Tuesday, March 11, 2008

Japanese Ninja & Sword



In the history of Japan, a ninja ( 忍者 ninja) was someone specially trained in a variety of unorthodox arts of war. The methods used by ninja included assassination, espionage, and a variety of martial arts.

In the Japanese culture, they were usually trained for dangerous missions.Their exact origins are still unknown. Their roles may have included sabotage, espionage, scouting and assassination missions as a way to destabilize and cause social chaos in enemy territory or against an opposing ruler, perhaps in the service of their feudal rulers (daimyo, shogun), or an underground ninja organization waging guerilla warfare.





The ninja use of stealth tactics against better-armed enemy samurai does not mean that they were limited to espionage and undercover work: that is simply where their actions most notably differed from the more accepted tactics of samurai. Their weapons and tactics were partially derived from the need to conceal or defend themselves quickly from samurai, which can be seen from the similarities between many of their weapons and various sickles and threshing tools used at the time.





Though typically classified as assassins, many of the ninja were warriors in all senses. In Stephen K. Hayes's book, Mystic Arts of the Ninja, Hattori Hanzo, one of the most well-known ninja, is depicted in armor similar to that of a samurai. Hayes also says that those who ended up recording the history of the ninja were typically those within positions of power in the military dictatorships, and that students of history should realize that the history of the ninja was kept by observers writing about their activities as seen from the outside.
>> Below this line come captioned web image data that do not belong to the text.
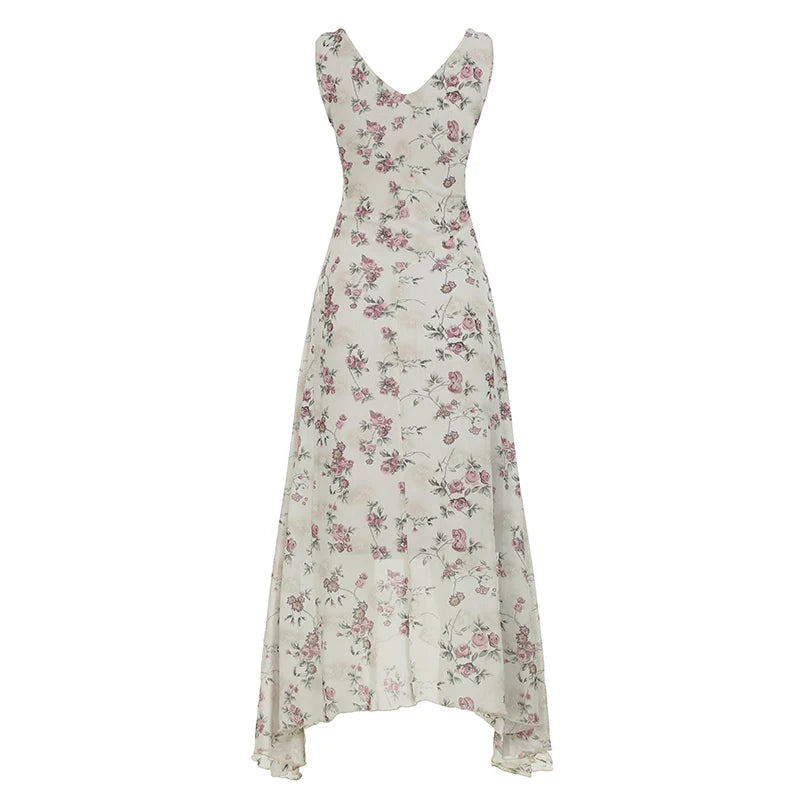 Aiertu  French Chic Elegant Flower Print Women Dress Lace Trim Ruched Slim Long Dress Summer New Clothes Aiertu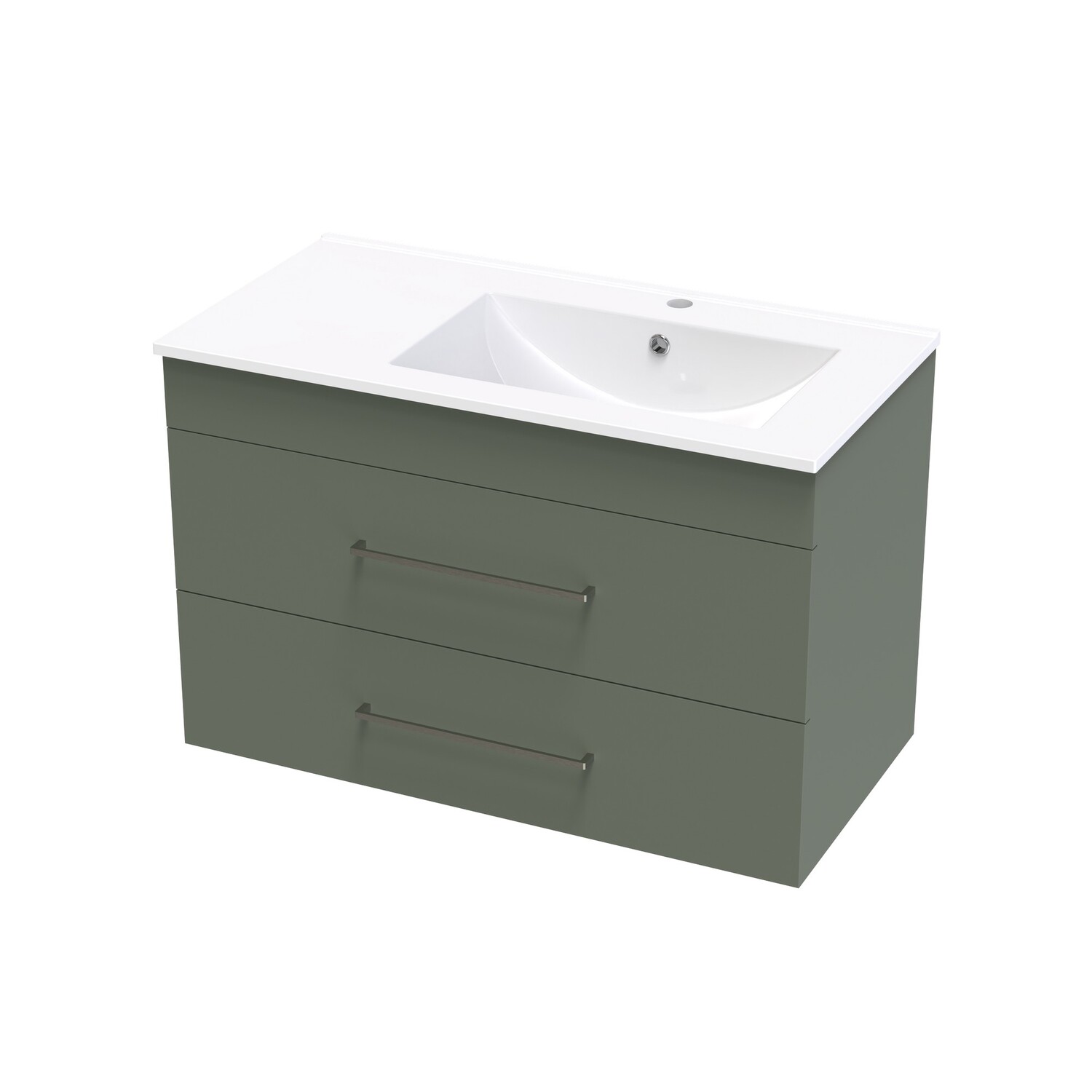 Cashmere Valley 900 Right Hand Bowl Double Drawer Wall Colour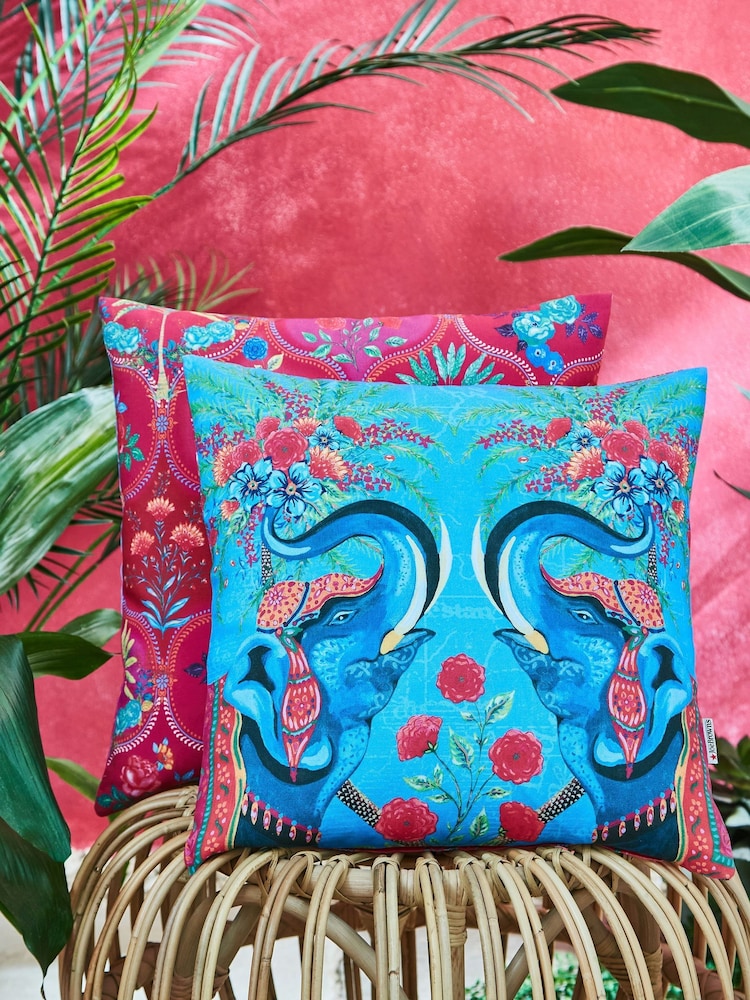 Joe Browns Aqua Bold Festival Elephants Reversible Garden Cushion - Image 1 of 6 Joe Browns Aqua Bold Festival Elephants Reversible Garden Cushion - Image 1 of 6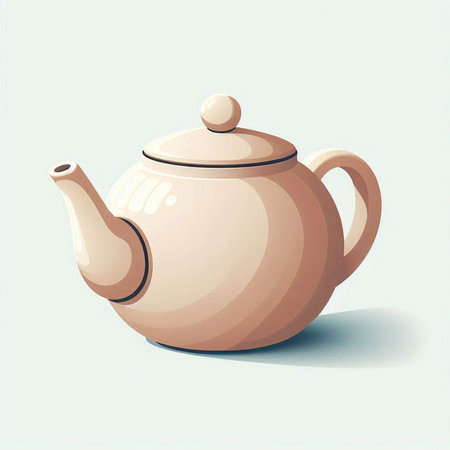 Vector illustration of a porcelain teapot on white backgroundのイラスト素材
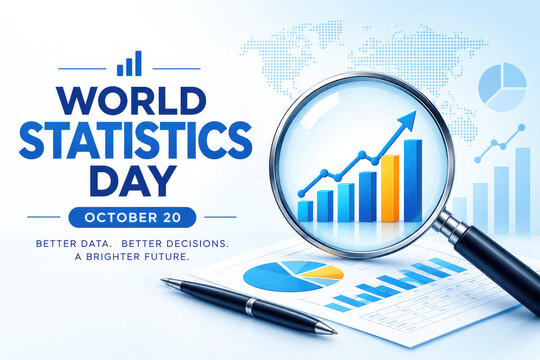 World Statistics Day &ndash; October 20, Data Analysis and Magnifying Glass Chart Illustration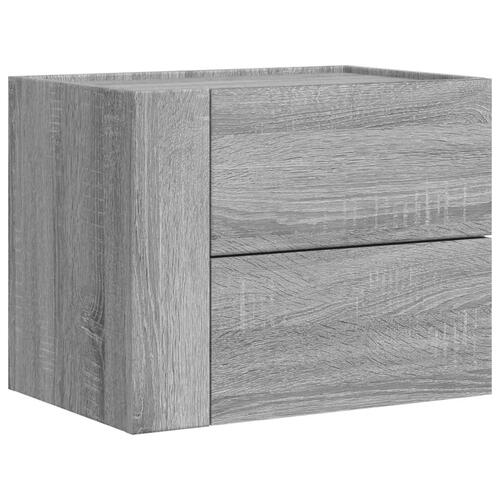 Væghængte sengeborde 2 stk. 45x30x35 cm grå sonoma-eg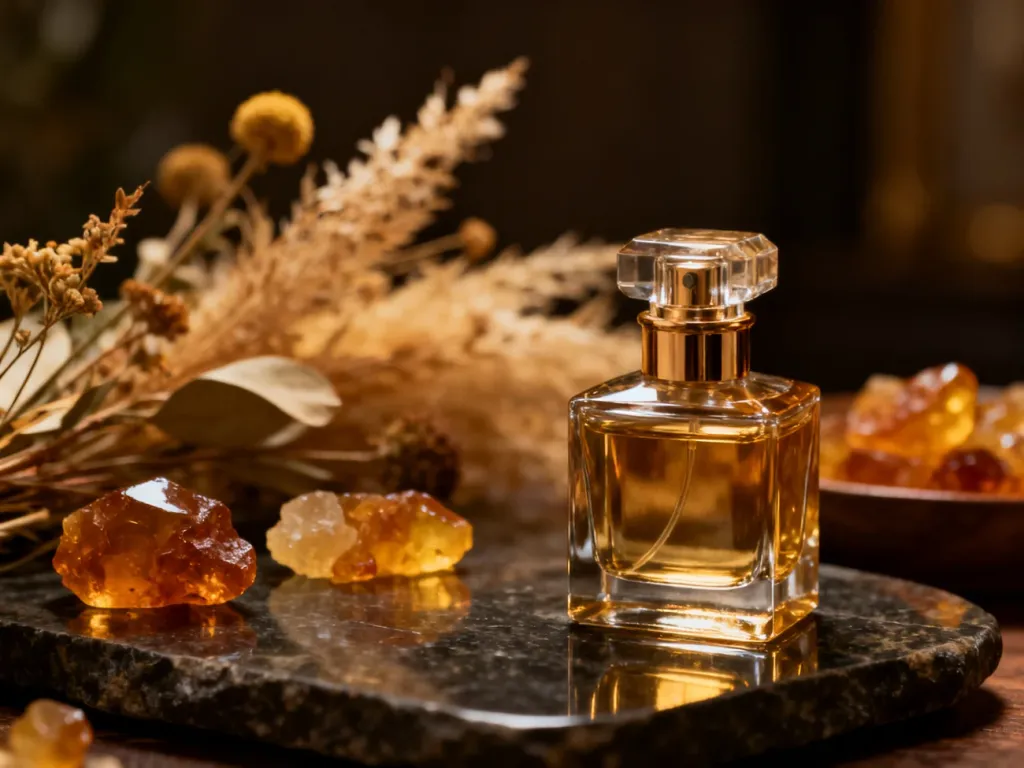 Luksusowy flakon perfum na ciemnym kamieniu w otoczeniu żywicy i suszonych roślin, podkreślający elegancję zapachu piżma.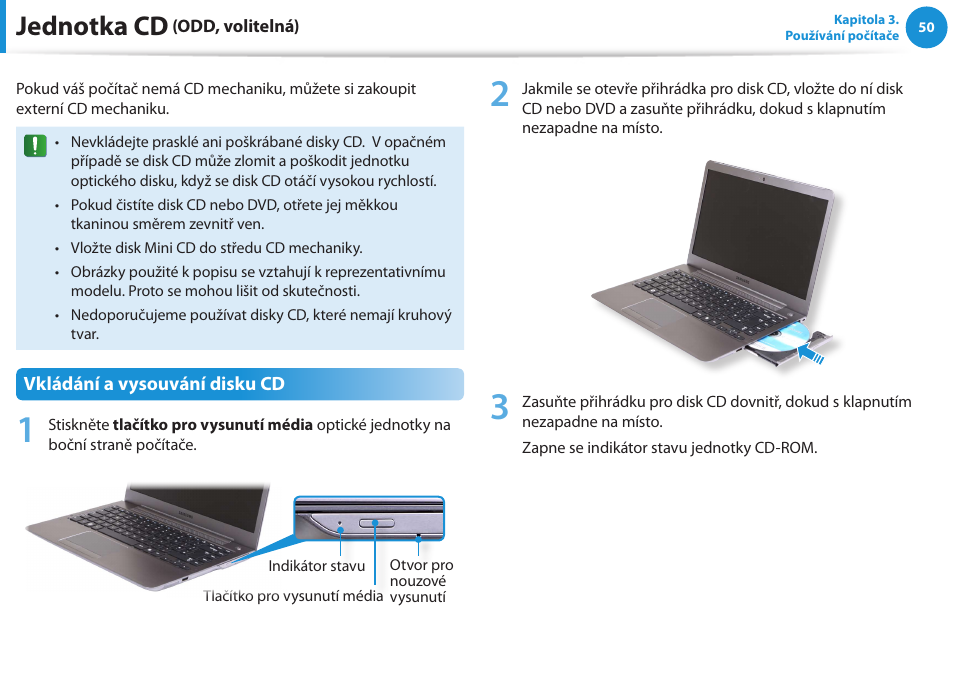 Jednotka cd (odd, volitelná), Jednotka cd | Samsung NP530U4BH User Manual | Page 51 / 154
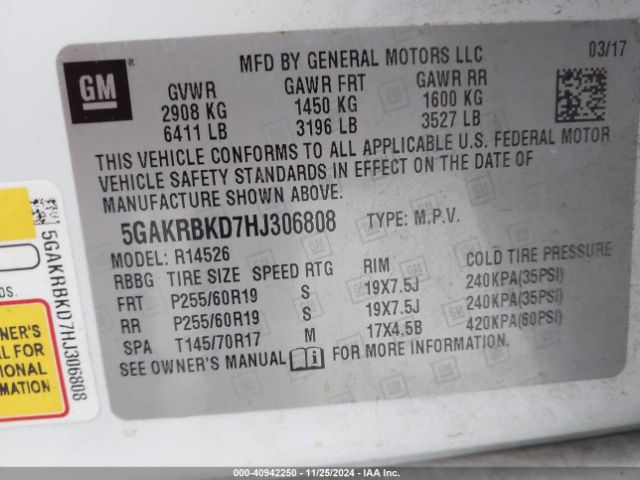 Photo 8 VIN: 5GAKRBKD7HJ306808 - BUICK ENCLAVE 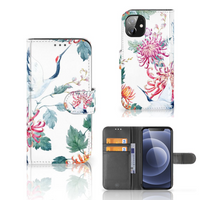 Apple iPhone 12 Mini Telefoonhoesje met Pasjes Bird Flowers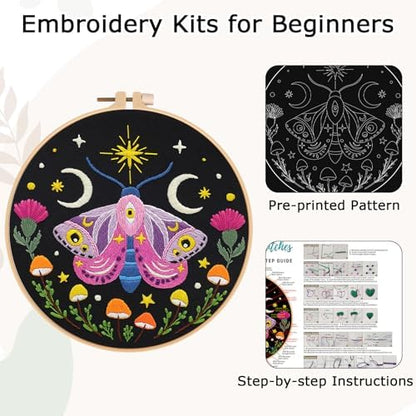Nuberlic Embroidery Kit for Beginners, Moth Cross Stitch Kit - Image 4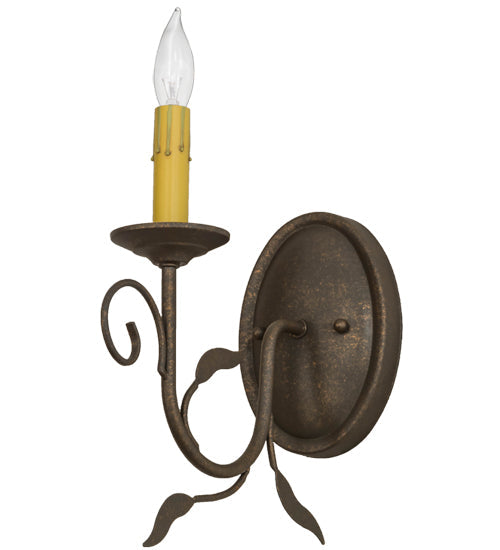 Meyda Lighting Bordeaux 5" Gilded Tobacco Wall Sconce With Ivory Faux Candlelight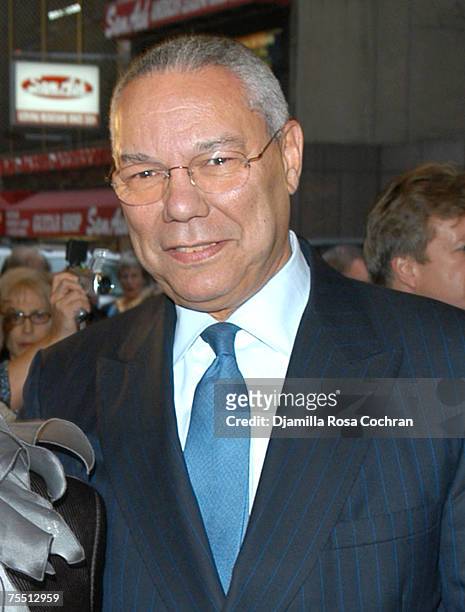 Colin Powell at the The Cort Theatre in New York City, New York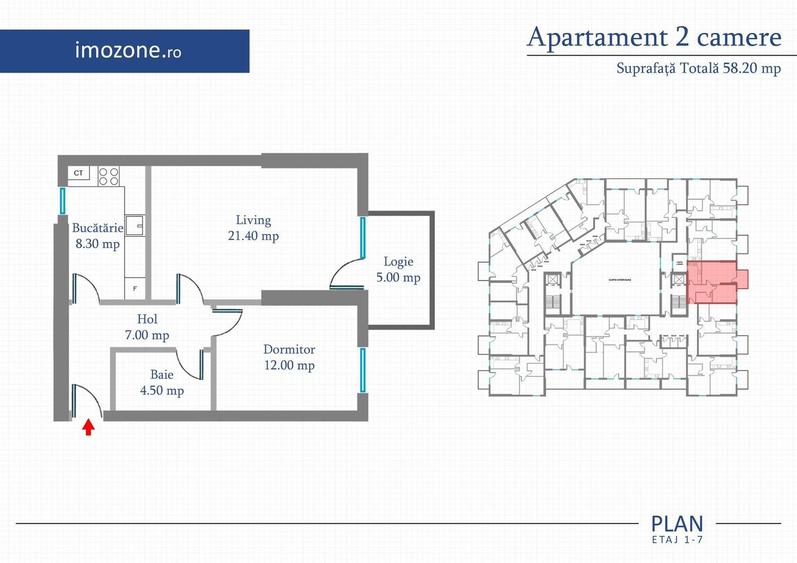 Militari-Metrou Preciziei -2 Camere , 58.2 mp, Ideal Investitie sau Locuinta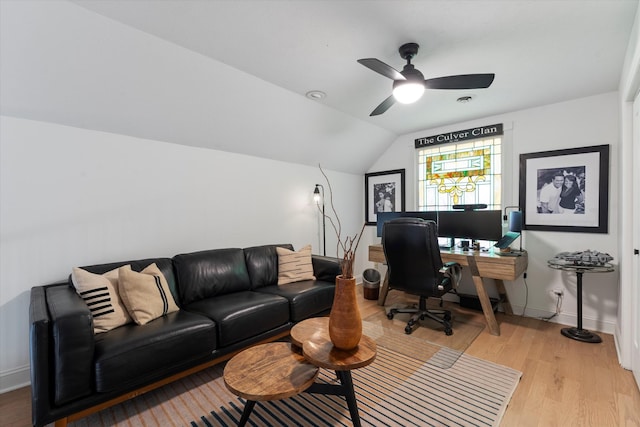 5960 Lickton Pike, Goodlettsville, TN 37072 - office area with ceiling fan, vaulted ceiling, baseboards, and light wood finished floors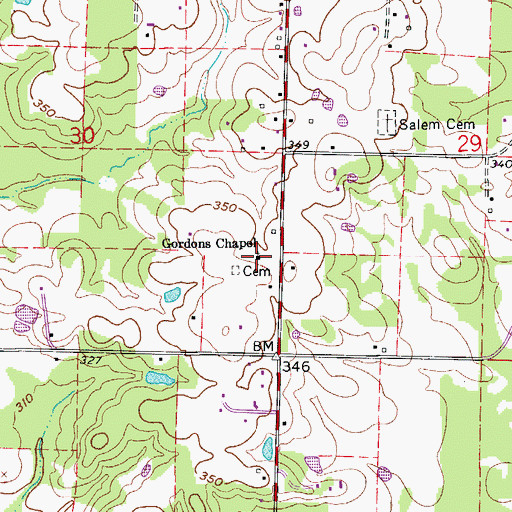 Topographic Map of Gordons Chapel, AR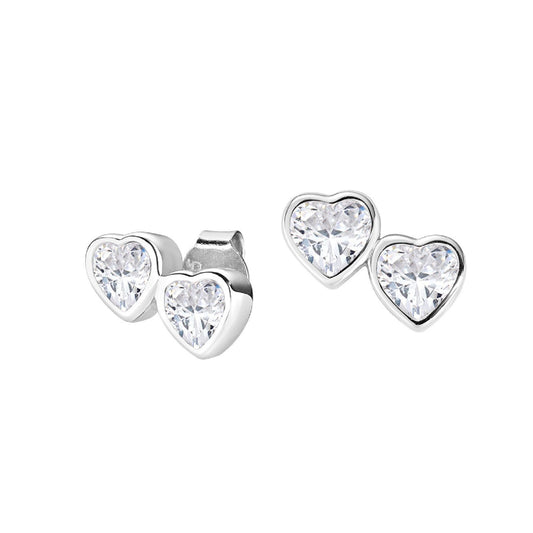 Orecchini lobo donna Amen Amore in argento con due zirconi a cuore OR2CUBBZ-1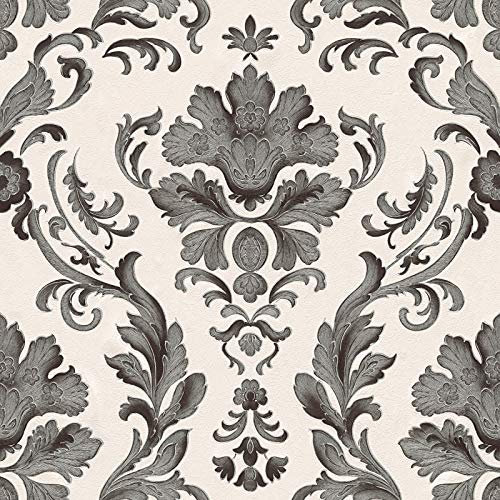 BRICOFLOR Papier peint papier | Papier peint baroque, Tapisserie baroque - Papier peint pour salon - Noir / Anthracite, Blanc | Taille 10,05 x 0,53 m = 5.33 m² BR301901P404CO3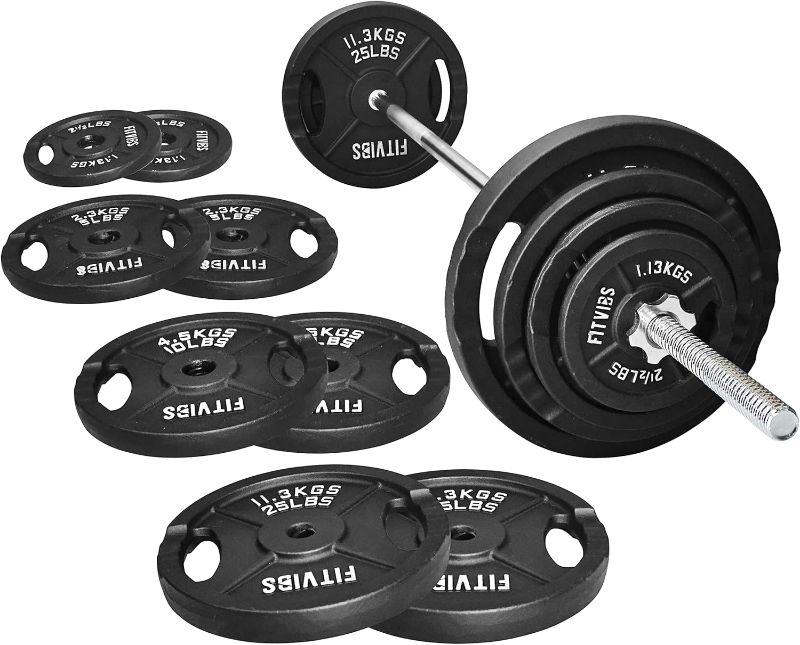 Photo 1 of * MISSING PARTS WEIGHTS ONLY* Fitvids Cast Iron Standard Weight Plates Including 5FT Standard Barbell with Star Locks, 95-Pound Set (85 Pounds Plates + 10 Pounds Barbell), Multiple Styles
"Ninjutsu did not come into being as a specific well defined art in the first place, and many centuries passed before ninjutsu was established as an independent system of knowledge in its own right. Ninjutsu developed as a highly illegal counter culture to the ruling samurai elite, and for this reason alone, the origins of the art were shrouded by centuries of mystery, concealment, and deliberate confusion of history." A similar account is given by Hayes: "The predecessors of Japan's ninja were so-called rebels favoring Buddhism who fled into the mountains near Kyoto as early as the 7th century A.D. to escape religious persecution and death at the hands of imperial forces."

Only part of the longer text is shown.